Windows Invariant Culture Puzzle


I have a question about the windows invariant culture.

Succinctly, my question is:

does there exist any pair of characters c1, and c2 such that:

lower(c1, invariant) =latin-general lower(c2, Invariant)

but

lower(c1, invaraint) !=invariant lower(c2, invariant)

Background:

I need to store an invariant lower case string (representing a file name) inside of SQL Server Compact, which does not support windows invariant collations.

Ideally I would like to do this without having to pull all of my comparison logic out of the database and into my app.

The idea I had for solving this was to store 2 versions of all file names: one that is used for displaying data to the customer, and another that is used for performing comparisons. The comparison column would be converted to lower case using the windows invariant locale before storing it in the database.

However, I don't really have any idea what kind of mappings the invariant culture does, other than the fact that its what windows uses for comparing file names.

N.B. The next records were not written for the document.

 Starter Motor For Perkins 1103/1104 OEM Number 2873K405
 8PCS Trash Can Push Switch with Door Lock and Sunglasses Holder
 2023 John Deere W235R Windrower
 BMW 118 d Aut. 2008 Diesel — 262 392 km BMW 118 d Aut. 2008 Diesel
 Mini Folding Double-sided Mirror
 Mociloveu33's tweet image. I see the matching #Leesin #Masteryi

I'm wondering if it is possible to get false positives (or false negatives) as a result of this scheme.

That is, can I produce characters (previously lower cased using the invariant culture) that compare equal to each other using the latin-general-1 case insensitive SQL server collation, but do not compare equal to each other under the invariant culture?

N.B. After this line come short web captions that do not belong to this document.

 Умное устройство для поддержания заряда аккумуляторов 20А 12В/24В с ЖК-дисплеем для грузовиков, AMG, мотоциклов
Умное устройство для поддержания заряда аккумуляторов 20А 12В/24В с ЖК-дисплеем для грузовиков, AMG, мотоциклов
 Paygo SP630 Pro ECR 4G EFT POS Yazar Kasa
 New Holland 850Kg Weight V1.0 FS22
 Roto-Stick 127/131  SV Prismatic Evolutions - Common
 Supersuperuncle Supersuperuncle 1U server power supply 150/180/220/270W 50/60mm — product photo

If this can happen, then my app may consider 2 files that Windows thinks are different as being the same. This could ultimately lead to data loss.

NOTE:

I am aware that it is possible to have case sensitive files on Windows. I don't need to support those scenarios, however.


Solution

  • By looking through the answers to this question:

    win32-file-name-comparison

    which I asked a while back.,

    I found an indirect link the following page:

    http://msdn.microsoft.com/en-us/library/ms973919.aspx

    It suggests using an ordinal comparison after an invariant upper case as the best way to mimic what the file system does.

    So I think if I use as "case sensitive, accent sensitive" collation in the database, and do a "upper" using the invariant local before storing the files I should be ok.

    Does anyone know if there are any problems with that?